From the line that holds "-宠爱国际动物医院· 猫科· 外科·中兽医(长白店)" to the end of the records, reproduce every line exactly. No pictures.

======== Record extracts

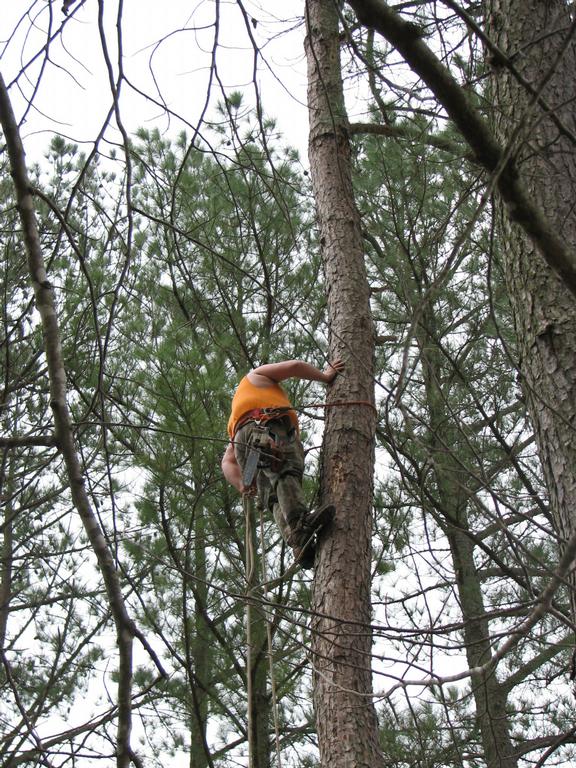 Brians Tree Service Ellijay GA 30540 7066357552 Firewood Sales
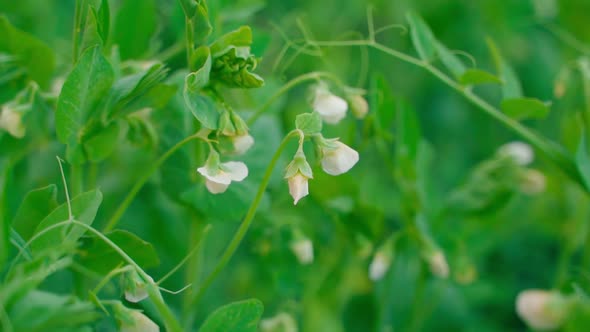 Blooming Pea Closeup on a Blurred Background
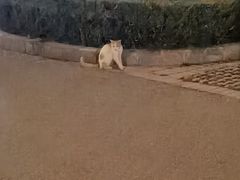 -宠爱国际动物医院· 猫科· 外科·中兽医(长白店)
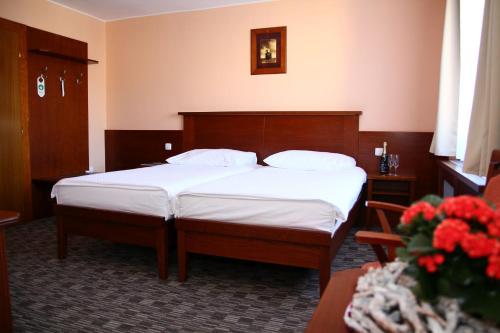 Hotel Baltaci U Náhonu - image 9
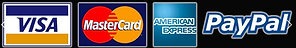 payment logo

================

## Solved exercise
 -宠爱国际动物医院· 猫科· 外科·中兽医(长白店)
 Hotel Baltaci U Náhonu - image 9
 payment logo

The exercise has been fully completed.